The present invention relates to an aperture card reader by which the images on microfilms mounted on aperture cards are projected on a screen on an enlarged scale.
Aperture cards are laterally elongated cards of a specified size having a microfilm mounted in an apertured center portion thereof, the microfilm bearing microcopied information of documents, drawings, etc. Aperture cards have already been dimensionally standardized. Since such aperture cards are useful for filing immense amounts of information, they have found wide use for filing purposes. Various aperture card readers have been developed and commercially provided for viewing the microcopy images on the aperture cards by enlarging them and projecting them on a screen. Many of these aperture card readers serving as viewers also include printers for printing microfilm images on copy paper on an enlarged scale. (Such an apparatus is also called a "reader-printer.")
It is desirable that aperture card readers be equipped with a mechanism by which aperture cards can be automatically fed to and delivered from a pair of presser plates for holding the card therebetween for the projection of the image so that a large number of aperture cards can be copied rapidly while being easily handled. Many readers are presently available which are provided with such a mechanism. They are easy to operate, adapted to copy a large number of aperture cards efficiently and are accepted as very desirable for the user. Notwithstanding these advantages, the product nevertheless invariably has a disadvantage causing the following inconvenience to the user. In fact, the drawback to be described below has been the cost of achieving the foregoing benefits.
An aperture card has an aperture with a minor to major side ratio of about 2:3 and is usually used in a horizontal position, namely with the major sides of the aperture positioned horizontally. When a microfilm is mounted on the aperture card, the information on the film will be oriented vertically or horizontally depending on whether the information is microcopied on the film in its horizontal or vertical position. This is established when attaching existing microfilms to aperture cards for filing.
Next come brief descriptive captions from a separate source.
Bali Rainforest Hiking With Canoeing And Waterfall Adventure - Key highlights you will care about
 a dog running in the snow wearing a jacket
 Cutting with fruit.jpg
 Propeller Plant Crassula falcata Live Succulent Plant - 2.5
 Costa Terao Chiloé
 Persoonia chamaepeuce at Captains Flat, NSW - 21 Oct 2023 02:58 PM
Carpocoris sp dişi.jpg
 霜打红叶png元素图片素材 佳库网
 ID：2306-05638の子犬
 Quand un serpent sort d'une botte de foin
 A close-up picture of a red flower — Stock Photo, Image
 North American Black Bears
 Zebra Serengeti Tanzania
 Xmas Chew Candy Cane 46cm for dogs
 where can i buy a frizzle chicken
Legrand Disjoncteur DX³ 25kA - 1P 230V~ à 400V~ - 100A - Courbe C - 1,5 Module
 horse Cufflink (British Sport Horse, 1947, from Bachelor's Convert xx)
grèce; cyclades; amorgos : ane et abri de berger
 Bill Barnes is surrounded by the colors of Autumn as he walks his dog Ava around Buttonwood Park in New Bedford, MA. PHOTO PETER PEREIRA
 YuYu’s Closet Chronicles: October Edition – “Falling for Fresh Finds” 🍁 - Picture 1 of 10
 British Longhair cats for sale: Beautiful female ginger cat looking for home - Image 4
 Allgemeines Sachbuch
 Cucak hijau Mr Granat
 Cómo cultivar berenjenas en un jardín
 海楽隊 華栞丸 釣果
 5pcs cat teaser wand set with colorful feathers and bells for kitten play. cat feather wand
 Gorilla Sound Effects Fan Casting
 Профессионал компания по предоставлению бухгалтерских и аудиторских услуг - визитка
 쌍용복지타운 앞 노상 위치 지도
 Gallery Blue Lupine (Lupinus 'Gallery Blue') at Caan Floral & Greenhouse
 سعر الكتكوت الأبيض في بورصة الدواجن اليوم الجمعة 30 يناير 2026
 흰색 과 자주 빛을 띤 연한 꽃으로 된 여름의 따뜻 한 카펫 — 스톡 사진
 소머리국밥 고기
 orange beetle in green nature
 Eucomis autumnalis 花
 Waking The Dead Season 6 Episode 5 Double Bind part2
With the conventional aperture card readers described above, on the other hand, the presser plates for holding the aperture card are adapted to hold the card only in a specified position, while the mechanism for automatically feeding and delivering aperture cards is also designed to feed the card to the presser plates is only one direction, i.e. the direction in which the minor sides are oriented or the direction in which the major sides of the card are oriented. Accordingly when microfilm images are enlarged and projected on the screen of the conventional aperture card reader for viewing, the images will invariably be projected in one of two positions, oriented either vertically or horizontally. In the latter case, the user suffers the inconvenience that the enlarged images will be lying on their side, so to speak.